WORK INSTRUCTION: Tally the lines below that contain "Миниатюра" and reply with only the tally.

***

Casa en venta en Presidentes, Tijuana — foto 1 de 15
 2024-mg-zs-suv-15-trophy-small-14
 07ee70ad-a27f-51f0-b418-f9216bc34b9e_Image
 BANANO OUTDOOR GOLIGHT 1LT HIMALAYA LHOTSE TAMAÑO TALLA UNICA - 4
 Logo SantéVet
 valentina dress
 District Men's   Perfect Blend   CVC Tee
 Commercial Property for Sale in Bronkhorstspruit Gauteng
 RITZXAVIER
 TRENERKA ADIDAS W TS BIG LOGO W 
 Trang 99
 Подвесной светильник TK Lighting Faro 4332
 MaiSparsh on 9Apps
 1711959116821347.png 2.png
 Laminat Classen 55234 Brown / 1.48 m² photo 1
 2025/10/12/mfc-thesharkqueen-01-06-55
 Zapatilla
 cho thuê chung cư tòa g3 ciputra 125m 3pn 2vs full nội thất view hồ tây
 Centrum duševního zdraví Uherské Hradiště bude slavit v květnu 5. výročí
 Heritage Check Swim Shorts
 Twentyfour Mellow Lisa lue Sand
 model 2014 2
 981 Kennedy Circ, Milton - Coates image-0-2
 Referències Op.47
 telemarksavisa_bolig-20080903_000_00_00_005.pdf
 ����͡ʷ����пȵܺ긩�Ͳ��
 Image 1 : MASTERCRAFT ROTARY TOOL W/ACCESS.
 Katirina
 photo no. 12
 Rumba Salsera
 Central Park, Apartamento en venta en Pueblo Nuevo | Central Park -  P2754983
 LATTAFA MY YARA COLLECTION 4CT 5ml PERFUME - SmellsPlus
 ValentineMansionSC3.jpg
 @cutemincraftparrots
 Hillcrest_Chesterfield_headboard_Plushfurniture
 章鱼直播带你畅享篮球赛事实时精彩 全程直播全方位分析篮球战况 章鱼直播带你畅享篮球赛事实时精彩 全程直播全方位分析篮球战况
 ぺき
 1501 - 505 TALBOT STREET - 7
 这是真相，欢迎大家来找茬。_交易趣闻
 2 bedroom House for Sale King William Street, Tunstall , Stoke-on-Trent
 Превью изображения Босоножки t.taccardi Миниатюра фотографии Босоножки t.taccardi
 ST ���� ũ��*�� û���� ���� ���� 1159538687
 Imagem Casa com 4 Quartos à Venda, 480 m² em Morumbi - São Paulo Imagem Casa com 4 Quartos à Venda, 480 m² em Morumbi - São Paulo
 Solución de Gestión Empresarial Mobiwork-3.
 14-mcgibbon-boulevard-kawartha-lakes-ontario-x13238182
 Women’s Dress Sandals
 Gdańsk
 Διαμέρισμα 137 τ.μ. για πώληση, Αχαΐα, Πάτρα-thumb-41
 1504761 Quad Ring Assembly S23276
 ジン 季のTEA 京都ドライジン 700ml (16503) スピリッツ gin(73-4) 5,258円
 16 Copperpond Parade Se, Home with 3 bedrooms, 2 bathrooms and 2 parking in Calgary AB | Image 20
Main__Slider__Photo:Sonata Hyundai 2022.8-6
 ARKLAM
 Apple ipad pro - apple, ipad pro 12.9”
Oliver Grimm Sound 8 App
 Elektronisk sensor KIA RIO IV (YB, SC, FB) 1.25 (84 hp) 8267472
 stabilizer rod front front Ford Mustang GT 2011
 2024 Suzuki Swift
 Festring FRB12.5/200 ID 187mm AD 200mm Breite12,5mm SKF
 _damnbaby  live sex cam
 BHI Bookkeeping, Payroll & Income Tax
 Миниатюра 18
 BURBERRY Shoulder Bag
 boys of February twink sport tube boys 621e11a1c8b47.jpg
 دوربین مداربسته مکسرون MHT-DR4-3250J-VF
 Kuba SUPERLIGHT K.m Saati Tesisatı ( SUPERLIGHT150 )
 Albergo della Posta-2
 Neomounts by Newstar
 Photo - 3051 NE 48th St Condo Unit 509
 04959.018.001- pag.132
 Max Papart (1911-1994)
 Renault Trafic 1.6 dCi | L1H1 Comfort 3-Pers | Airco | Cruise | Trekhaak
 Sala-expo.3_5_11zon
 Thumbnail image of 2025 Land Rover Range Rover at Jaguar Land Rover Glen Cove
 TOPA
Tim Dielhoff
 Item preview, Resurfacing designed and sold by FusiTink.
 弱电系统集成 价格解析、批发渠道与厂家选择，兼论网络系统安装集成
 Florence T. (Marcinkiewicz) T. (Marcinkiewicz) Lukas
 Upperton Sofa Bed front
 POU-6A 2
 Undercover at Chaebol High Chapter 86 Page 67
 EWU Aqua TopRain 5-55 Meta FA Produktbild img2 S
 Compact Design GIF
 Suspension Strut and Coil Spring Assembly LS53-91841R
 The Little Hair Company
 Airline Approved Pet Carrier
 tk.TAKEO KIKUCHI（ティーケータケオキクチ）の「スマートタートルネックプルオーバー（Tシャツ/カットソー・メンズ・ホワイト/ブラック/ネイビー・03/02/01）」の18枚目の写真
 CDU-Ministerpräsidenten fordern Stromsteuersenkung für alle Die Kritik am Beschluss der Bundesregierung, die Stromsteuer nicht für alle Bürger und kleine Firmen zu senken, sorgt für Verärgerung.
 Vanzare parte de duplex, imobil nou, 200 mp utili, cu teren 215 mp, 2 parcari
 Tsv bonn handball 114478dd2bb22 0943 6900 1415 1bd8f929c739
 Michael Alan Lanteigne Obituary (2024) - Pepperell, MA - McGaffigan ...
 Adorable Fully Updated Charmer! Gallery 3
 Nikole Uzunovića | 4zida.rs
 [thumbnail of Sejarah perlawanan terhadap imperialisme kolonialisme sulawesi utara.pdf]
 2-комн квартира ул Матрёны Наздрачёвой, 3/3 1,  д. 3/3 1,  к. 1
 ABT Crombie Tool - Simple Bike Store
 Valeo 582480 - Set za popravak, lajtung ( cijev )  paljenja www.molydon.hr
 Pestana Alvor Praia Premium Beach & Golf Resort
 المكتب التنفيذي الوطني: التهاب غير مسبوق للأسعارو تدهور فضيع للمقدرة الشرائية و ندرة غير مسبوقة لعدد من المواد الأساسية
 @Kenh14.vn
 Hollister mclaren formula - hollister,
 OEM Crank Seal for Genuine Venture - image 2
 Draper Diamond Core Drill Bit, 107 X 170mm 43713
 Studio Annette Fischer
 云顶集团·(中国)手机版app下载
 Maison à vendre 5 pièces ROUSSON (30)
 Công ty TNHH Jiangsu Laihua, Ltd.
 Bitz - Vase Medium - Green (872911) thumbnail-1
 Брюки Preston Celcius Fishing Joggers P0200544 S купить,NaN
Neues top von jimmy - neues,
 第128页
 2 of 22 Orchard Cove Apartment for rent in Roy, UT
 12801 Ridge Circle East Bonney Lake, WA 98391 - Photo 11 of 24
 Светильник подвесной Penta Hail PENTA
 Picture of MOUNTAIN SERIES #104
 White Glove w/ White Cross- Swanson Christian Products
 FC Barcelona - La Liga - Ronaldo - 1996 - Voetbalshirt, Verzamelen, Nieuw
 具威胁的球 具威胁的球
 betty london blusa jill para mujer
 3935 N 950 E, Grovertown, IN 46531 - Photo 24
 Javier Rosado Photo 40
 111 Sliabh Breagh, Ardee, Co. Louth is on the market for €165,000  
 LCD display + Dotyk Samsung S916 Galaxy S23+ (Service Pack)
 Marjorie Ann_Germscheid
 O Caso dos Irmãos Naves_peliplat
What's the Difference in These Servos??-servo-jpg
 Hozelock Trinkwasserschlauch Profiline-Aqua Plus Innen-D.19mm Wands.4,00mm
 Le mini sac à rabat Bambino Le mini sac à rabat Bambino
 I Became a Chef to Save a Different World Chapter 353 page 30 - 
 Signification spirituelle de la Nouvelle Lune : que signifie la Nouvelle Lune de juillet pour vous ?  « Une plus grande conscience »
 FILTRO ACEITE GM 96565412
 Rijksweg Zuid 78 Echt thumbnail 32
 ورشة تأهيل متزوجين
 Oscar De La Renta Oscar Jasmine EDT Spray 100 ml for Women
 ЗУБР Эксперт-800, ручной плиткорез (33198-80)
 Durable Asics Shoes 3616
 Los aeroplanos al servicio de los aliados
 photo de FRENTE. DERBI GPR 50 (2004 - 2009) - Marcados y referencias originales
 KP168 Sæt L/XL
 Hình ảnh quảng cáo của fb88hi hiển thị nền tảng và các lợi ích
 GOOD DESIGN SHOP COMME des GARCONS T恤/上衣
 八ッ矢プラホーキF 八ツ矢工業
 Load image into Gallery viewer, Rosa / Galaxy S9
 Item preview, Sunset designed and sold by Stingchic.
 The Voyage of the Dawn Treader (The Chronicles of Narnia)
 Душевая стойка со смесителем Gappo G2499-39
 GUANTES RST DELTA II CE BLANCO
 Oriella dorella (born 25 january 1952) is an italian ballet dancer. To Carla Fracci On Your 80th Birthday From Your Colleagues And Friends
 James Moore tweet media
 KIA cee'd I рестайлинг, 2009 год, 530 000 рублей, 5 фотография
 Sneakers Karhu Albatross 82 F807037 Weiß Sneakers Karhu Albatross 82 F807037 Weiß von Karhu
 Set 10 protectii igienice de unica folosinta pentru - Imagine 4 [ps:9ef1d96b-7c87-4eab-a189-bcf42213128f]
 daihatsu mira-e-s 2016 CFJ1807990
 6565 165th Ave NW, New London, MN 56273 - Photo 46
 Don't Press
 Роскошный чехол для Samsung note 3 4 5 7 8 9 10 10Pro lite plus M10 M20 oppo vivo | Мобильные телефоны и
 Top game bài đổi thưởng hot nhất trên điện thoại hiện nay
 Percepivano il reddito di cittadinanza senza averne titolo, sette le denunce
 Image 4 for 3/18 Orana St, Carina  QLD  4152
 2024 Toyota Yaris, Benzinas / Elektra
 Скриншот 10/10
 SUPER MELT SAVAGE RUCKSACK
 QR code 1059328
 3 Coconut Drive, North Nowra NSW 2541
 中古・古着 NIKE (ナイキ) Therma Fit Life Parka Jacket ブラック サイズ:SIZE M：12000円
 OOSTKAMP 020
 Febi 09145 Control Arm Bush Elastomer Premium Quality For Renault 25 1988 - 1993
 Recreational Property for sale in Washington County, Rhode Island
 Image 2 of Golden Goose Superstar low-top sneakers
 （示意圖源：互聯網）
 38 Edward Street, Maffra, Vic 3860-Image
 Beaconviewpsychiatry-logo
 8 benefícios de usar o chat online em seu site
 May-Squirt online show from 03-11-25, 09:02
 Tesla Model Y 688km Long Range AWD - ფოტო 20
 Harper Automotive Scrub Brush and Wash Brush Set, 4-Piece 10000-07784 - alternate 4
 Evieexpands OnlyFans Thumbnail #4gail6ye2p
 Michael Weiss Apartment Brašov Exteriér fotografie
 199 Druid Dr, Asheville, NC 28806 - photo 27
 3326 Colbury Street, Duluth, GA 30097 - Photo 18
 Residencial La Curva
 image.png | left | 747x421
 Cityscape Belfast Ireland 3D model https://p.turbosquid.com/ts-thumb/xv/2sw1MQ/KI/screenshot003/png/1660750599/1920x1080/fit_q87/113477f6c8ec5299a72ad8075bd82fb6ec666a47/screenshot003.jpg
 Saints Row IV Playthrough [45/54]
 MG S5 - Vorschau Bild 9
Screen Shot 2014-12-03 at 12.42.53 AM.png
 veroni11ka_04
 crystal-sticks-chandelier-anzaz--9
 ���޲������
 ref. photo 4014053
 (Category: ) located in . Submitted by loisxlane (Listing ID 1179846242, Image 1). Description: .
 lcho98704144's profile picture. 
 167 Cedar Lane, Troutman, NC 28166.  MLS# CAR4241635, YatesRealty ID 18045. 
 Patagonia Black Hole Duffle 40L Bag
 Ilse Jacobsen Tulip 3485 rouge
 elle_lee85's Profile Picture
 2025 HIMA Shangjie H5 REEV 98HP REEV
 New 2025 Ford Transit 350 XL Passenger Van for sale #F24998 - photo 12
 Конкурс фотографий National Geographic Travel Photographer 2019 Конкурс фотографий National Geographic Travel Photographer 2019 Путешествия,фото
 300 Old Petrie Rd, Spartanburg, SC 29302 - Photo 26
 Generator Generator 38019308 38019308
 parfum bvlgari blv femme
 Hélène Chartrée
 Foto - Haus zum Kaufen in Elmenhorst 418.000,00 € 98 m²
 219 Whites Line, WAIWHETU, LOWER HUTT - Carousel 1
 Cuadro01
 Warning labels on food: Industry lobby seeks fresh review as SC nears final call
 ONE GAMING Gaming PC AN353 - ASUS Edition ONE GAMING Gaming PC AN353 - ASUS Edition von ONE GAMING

***

COMPLETED TASK: 2